Die in der mündlichen Verhandlung vor dem FG am 1.10.1996 abgegebenen übereinstimmenden Erledigungserklärungen der Kläger und des Finanzamts stehen dem Antrag auf getrennte Veranlagung nicht entgegen. Zwar endete mit der Abgabe der übereinstimmenden Erledigungserklärungen die Rechtshängigkeit der Hauptsache und die ursprünglichen Änderungsbescheide vom 10.11.1992 wurden damit bestandskräftig. Nicht erfasst von diesen Erklärungen sind indessen die Bescheide vom 18.2.1997, mit denen die in der mündlichen Verhandlung getroffene tatsächliche Verständigung umgesetzt wurde und die nicht Streitgegenstand dieses Prozesses waren. Auch § 351 Abs. 1 AO steht einer Änderung der Veranlagungsart nicht entgegen. Diese Vorschrift bestimmt, dass Verwaltungsakte, die unanfechtbare Verwaltungsakte ändern, nur insoweit angegriffen werden können, als die Änderung reicht. Die ESt-Bescheide vom 18.2.1997 änderten die bestandskräftigen ESt-Bescheide vom 10.11.1992. Da es sich um Änderungen zugunsten der Kläger handelte, waren die geänderten Bescheide grundsätzlich nicht mehr angreifbar. § 351 Abs. 1 AO begrenzt aber nur den Umfang der Anfechtung eines Steuerbescheides.

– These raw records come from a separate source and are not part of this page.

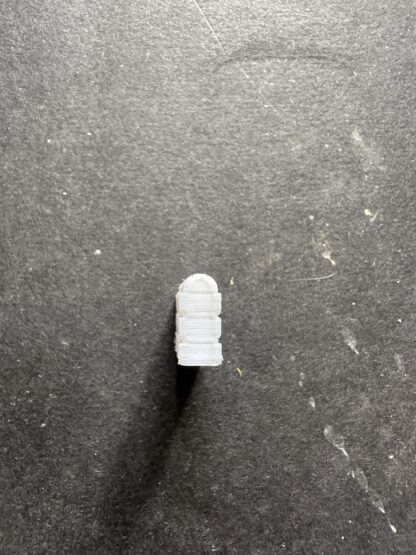 oo3DModels - 3D Printed Round Top Walling in White PLA (1/76 Scale) - Image 2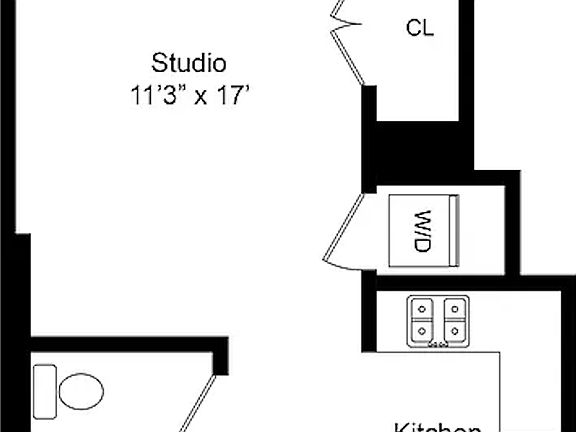 2nd image of 350 W 53rd St APT 4F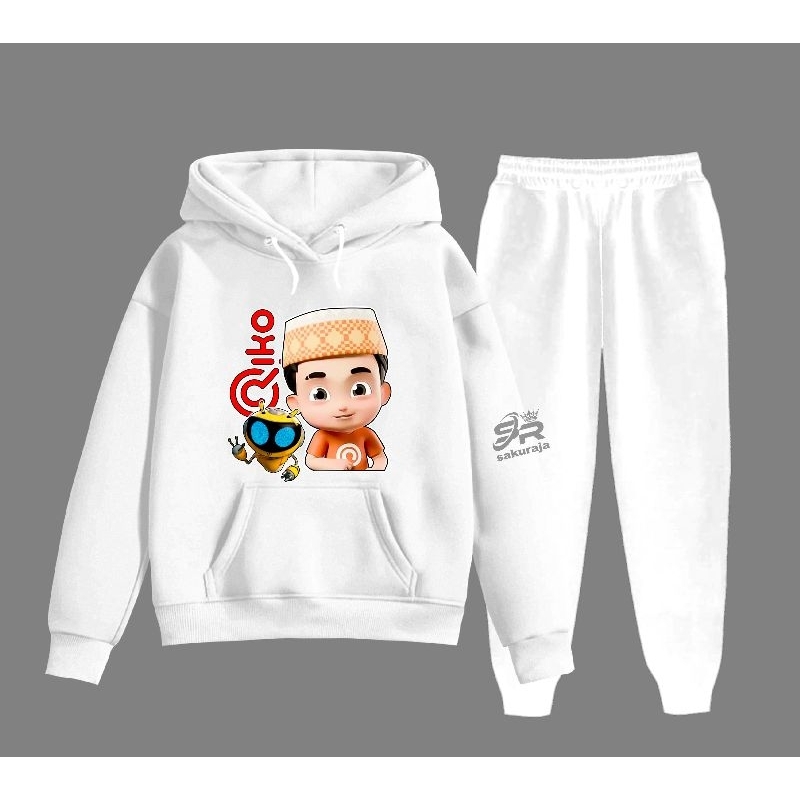 setelan Hoodie anak motif kartun Riko The Series/umur 3-17 tahun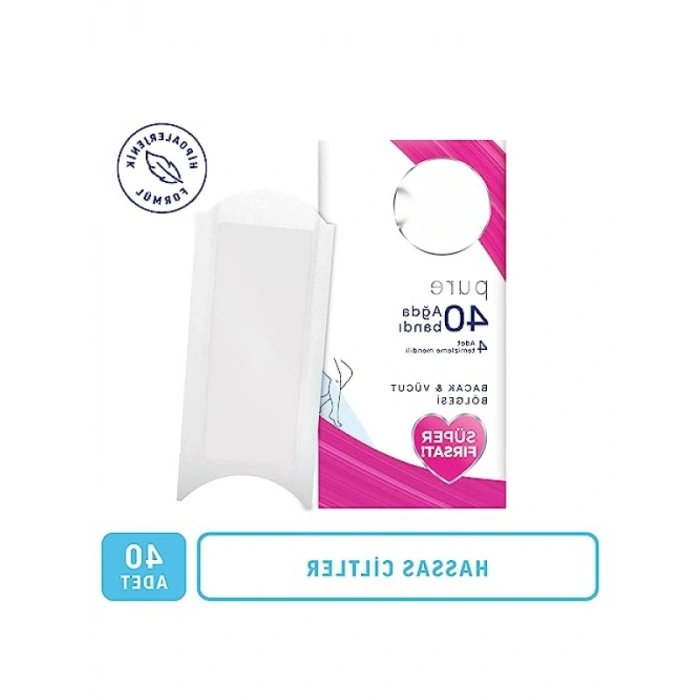 Hipoalerjenik Ağda Bandı - Bacak ve Vücut İçin 40lı Paket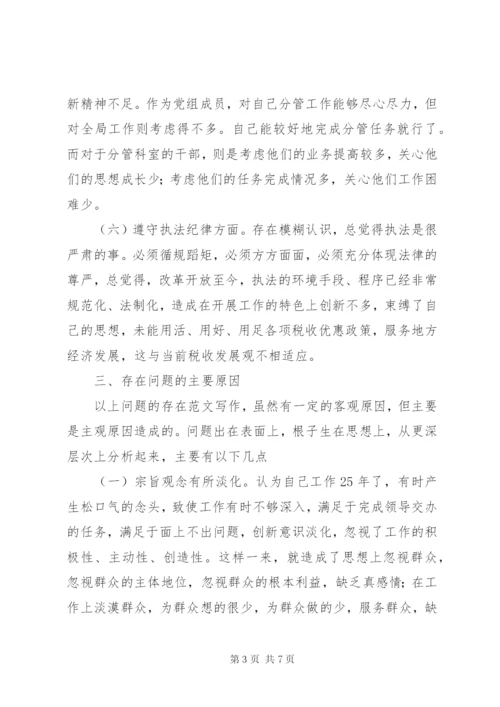 优秀范文：市国家税务局副局长党性分析材料.docx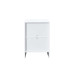 Oslo 3 Drawer Bedside (White)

Das Begehren auf Änderung der Veranlagungsart ist jedoch nicht als Anfechtung zu verstehen, sondern als ein auf Durchführung einer erneuten Veranlagung gerichtetes Verpflichtungsbegehren. Die im Zusammenhang mit der Änderung eines Steuerbescheides erneut ausgeübte Wahl der Veranlagungsart löst nur die Rechtsfolgen der §§ 26a bis 26c EStG aus, lässt im Übrigen aber die Besteuerungsgrundlagen unverändert.

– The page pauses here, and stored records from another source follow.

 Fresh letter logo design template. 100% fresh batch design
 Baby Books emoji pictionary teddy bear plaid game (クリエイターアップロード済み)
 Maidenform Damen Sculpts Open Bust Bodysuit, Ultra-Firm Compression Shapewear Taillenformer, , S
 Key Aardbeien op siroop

Eine Beschränkung des Wahlrechts nach § 26 EStG ist auch nicht durch die Vereinbarung der Kläger mit dem Finanzamt in der mündlichen Verhandlung vom 1.10.1996 eingetreten. Zwar haben sich die Beteiligten unter diesem Datum tatsächlich darüber verständigt, den Rechtsstreit in der Weise zu erledigen, dass das Finanzamt geänderte ESt-Bescheide für die Streitjahre erlässt, denen geringere gewerbliche Einkünfte zugrunde liegen als bisher geschätzt; Inhalt dieser Verständigung war aber nicht eine bestimmte Veranlagungsart. Der Vereinbarung kann nicht entnommen werden, dass das Finanzamt die Änderung der Bescheide nur für den Fall der Zusammenveranlagung zugesagt hat. Die Beteiligten haben sich lediglich auf einen bestimmten Sachverhalt geeinigt, der den Besteuerungsgrundlagen zugrunde liegen soll, nicht dagegen darauf, dass die Kläger das Veranlagungswahlrecht in bestimmter Weise ausüben.